Lord Carey of Clifton, responding to Lord Justice Laws’ observations in MacFarlane, has called this latest dust-up about religion in the courts a “deeply unedifying clash of rights“. It is indeed a clash of rights, but unedifying it is not. It is precisely when these rights collide that some real, hard thinking is generated, not only about the precise content of these rights, but their historical purpose and their proper function in modern society.

It may be that when the architects of the Convention drafted Article 9, guaranteeing freedom of thought, conscience and religion, they did not foresee that its future role would not be so much the protection of oppressed believers against Soviet-style secularisation but instead a thorn in the flesh of public authority employers seeking enforce their legitimate objectives against non-compliant religious employees.

In his witness statement, Lord Carey referred to the decisions of the Court of Appeal concerning the wearing of crosses and declared that the type of reasoning in that adjudication was “dangerous to the social order”, representing “clear animus to Christian beliefs”.
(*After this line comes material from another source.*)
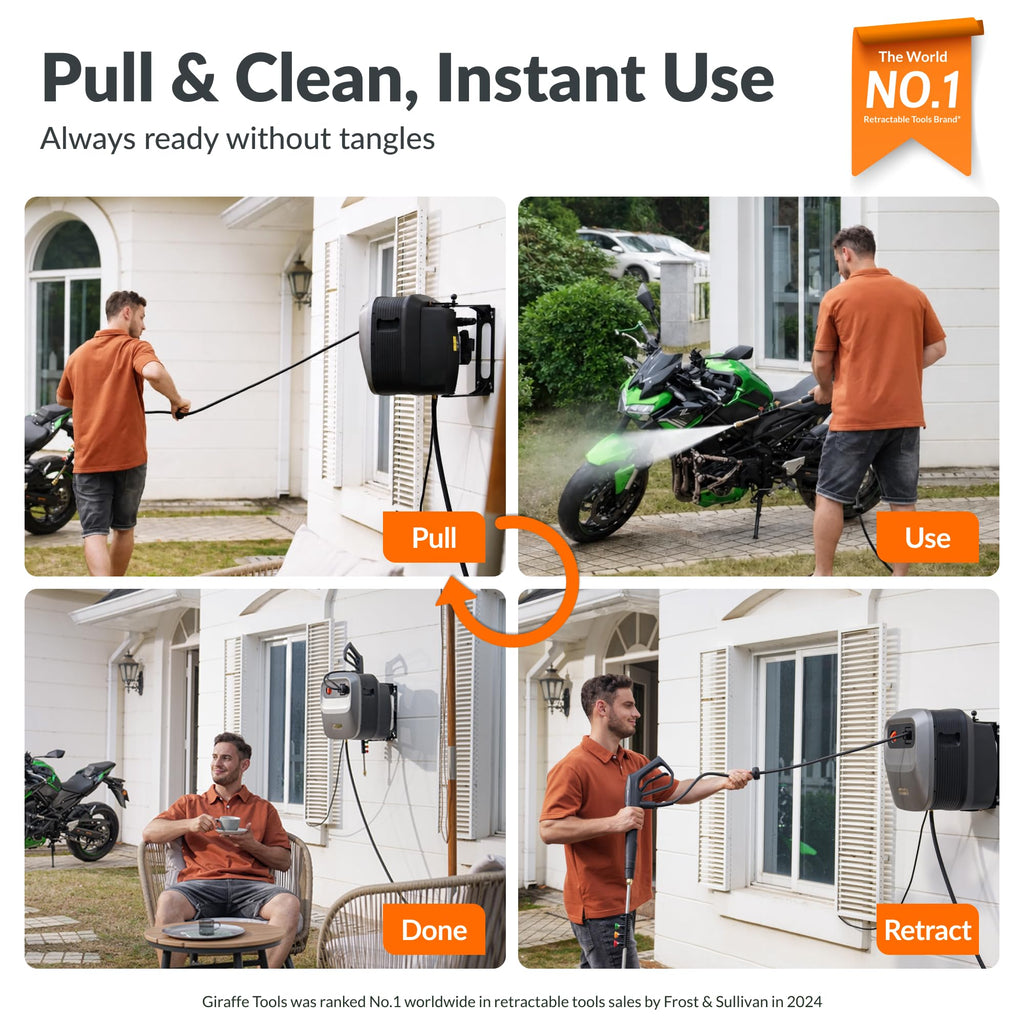 65 FT Retractable Wall Mount Pressure Washer G20B Heavy Duty Hose Reel System for Outdoor Cleaning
Responding to that statement, Laws LJ made a number of (now well publicised) observations, which, though vigorously stated, are hardly controversial, upholding the need for a principled approach in the application of law. As we have commented before on this site, this is one more step in the process of de-privileging of religious beliefs in the hierarchy of interests under the Convention for which Kokkinakis v Greece (1994) 17 EHRR 397 remains an important and serviceable authority.

But, significantly, Laws LJ also said this:

The general law may of course protect a particular social or moral position which is espoused by Christianity, not because of its religious imprimatur, but on the footing that in reason its merits commend themselves.

This reflects something of a sea change in the judicial approach to the whole notion of “religious beliefs”. It was not very long ago that courts were enjoined to base their determination on whether a certain position or tenet was a matter of spiritual belief (so as to attract the protection of Article 9) by the degree of sincerity with which it was held: see, for example, R(on the application of Sarika Watkins-Singh) v Aberdare Girls High School Governers (Defendant) and Rhondda Cynon Taf Unitory Authority and our comment on it.

Now it seems that claims to a supernatural backing for a course of behaviour will not be privileged by the courts, irrespective of the fervour with which the claimant cleaves to that belief. The focus is instead on the merits of the particular position adopted.

At what point will judges in a largely secular society go on taking these “merits” for granted? Or, to put the question another way, in a multicultural country where a kaleidoscopic range of beliefs and practices are accepted, for the sake of convenience and goodwill, as religions, will the meritorious content of each and every one of these be beyond argument?

Of course it is not possible to undertake a root and branch review of the European Convention, but we can at least ask what role, if any, is played by the specific protection for spiritual beliefs in modern life. In short, it is becoming increasingly clear that the right to respect for religious beliefs no longer responds to any pressing social conditions, in contemporary Europe at any rate. It may be that for all practical purposes this aspect of Article 9 will cease to function since public funding for Article 9-based arguments will tend to be withheld on grounds of inevitable failure in court.

Our habit of framing everything in terms of rights inevitably leads to confusion and “unedifying” collisions such as these, but if the outcome is to remove Article 9 as an obstacle to progressive goals and purposes, such collisions are only to be welcomed.